* **Instructions for the task**
Every line of the material needs an exact copy, apart from the images.

* **Provided material**
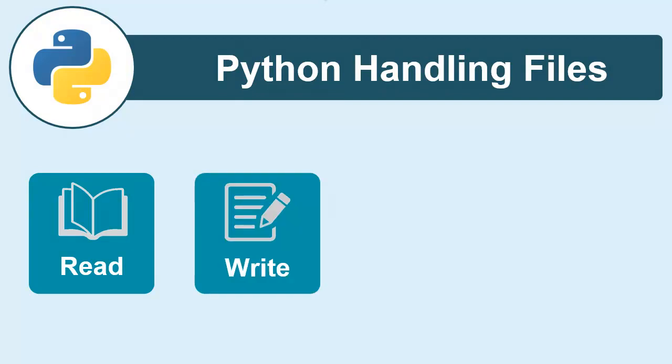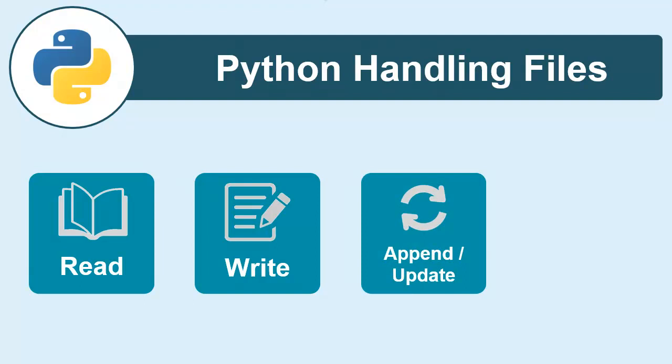Then you will be writing a content or text to a file. Then you will be learning appending or updating the content within a file.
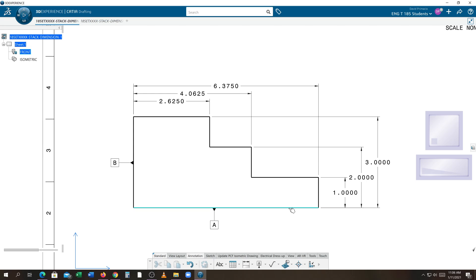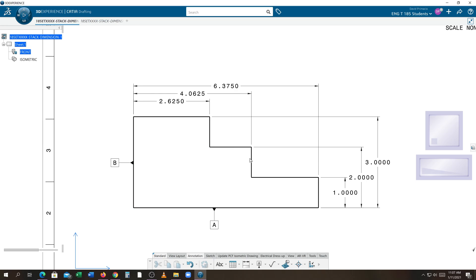We tell the shop to measure from the bottom up. That means this measurement must start from here and come to 1. The measurement for number 2 doesn't start off this line and go up, and it doesn't come off this line and go down — it comes from the datum and goes up. Same thing for the 3-inch dimension; it starts from here and goes all the way to the top. The 2.625 starts on the left and goes to this one. The 4.0625 starts on the left and goes to this one, not from here over.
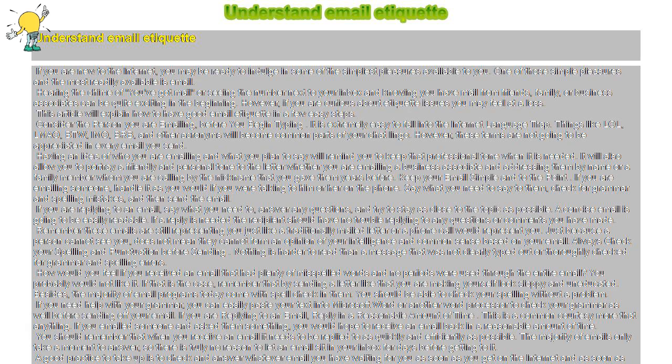However, these terms are not going to be appreciated in every email you send. Having an idea of who you are emailing and what you plan to say will remind you to keep that professional tone when it is needed.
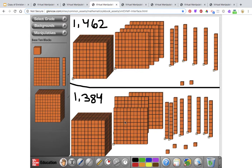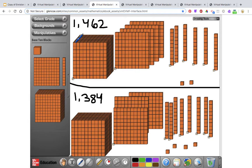Think about which one is the larger or greater number and circle that one. Starting at the thousands place — always start at the largest value — both have 1,000, so those are the same. Moving to the right into the hundreds place: the first number has 400 and the second has 300. Since 4 is greater than 3, I don't need to go any further to the tens. No matter how many tens are in the second number, 4 hundreds is bigger than 3 hundreds. So 1,462 is the greater number.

* **Exercise solution**
Then you will be writing a content or text to a file. Then you will be learning appending or updating the content within a file.
We tell the shop to measure from the bottom up. That means this measurement must start from here and come to 1. The measurement for number 2 doesn't start off this line and go up, and it doesn't come off this line and go down — it comes from the datum and goes up. Same thing for the 3-inch dimension; it starts from here and goes all the way to the top. The 2.625 starts on the left and goes to this one. The 4.0625 starts on the left and goes to this one, not from here over.
However, these terms are not going to be appreciated in every email you send. Having an idea of who you are emailing and what you plan to say will remind you to keep that professional tone when it is needed.
Think about which one is the larger or greater number and circle that one. Starting at the thousands place — always start at the largest value — both have 1,000, so those are the same. Moving to the right into the hundreds place: the first number has 400 and the second has 300. Since 4 is greater than 3, I don't need to go any further to the tens. No matter how many tens are in the second number, 4 hundreds is bigger than 3 hundreds. So 1,462 is the greater number.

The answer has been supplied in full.